◆ Dataset records ◆
"""

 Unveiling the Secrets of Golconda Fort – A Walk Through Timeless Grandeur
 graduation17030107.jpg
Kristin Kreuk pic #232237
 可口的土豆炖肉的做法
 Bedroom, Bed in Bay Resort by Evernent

"""
"""

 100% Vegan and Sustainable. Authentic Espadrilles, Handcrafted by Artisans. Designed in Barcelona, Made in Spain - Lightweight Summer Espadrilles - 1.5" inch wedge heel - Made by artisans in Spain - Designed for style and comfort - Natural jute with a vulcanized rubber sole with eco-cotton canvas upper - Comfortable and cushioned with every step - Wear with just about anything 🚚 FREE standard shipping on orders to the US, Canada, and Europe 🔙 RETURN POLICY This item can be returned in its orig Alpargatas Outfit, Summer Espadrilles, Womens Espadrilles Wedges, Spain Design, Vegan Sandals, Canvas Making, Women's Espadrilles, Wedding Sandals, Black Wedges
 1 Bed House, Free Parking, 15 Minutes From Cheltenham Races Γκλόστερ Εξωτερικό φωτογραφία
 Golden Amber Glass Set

"""
"""

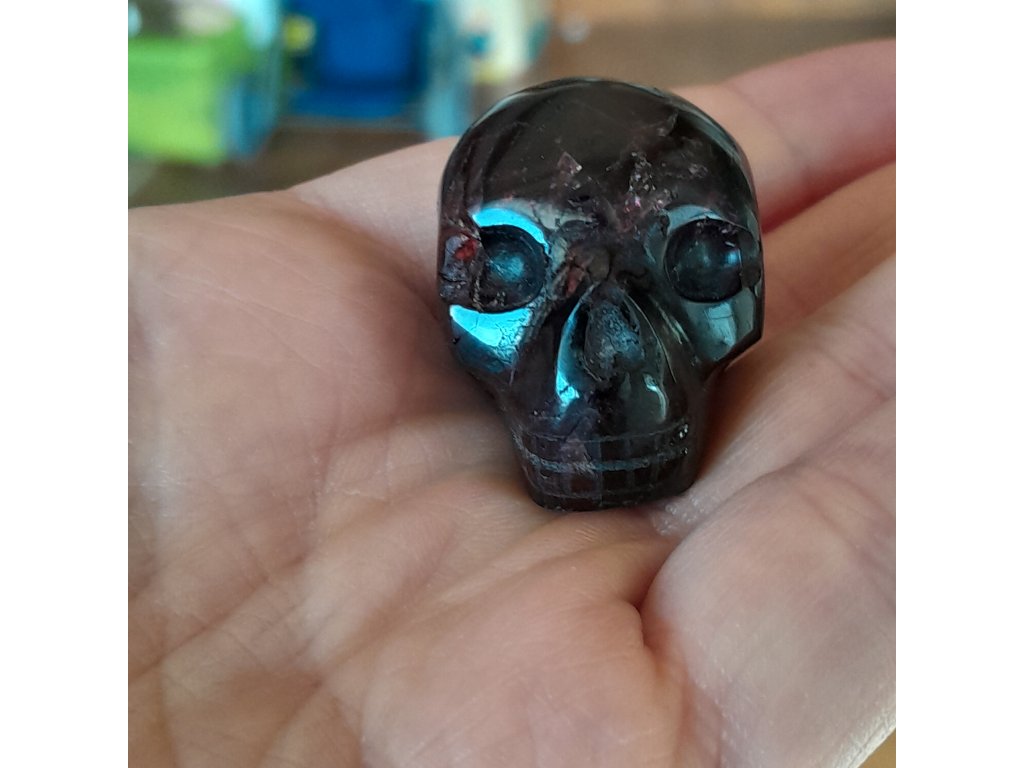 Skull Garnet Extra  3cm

"""

Look through the data above and return exactly the lines from the one that contains "1 Bed House, Free" to the one that contains "Golden Amber Glass Set", inclusive, with nothing else.

 1 Bed House, Free Parking, 15 Minutes From Cheltenham Races Γκλόστερ Εξωτερικό φωτογραφία
 Golden Amber Glass Set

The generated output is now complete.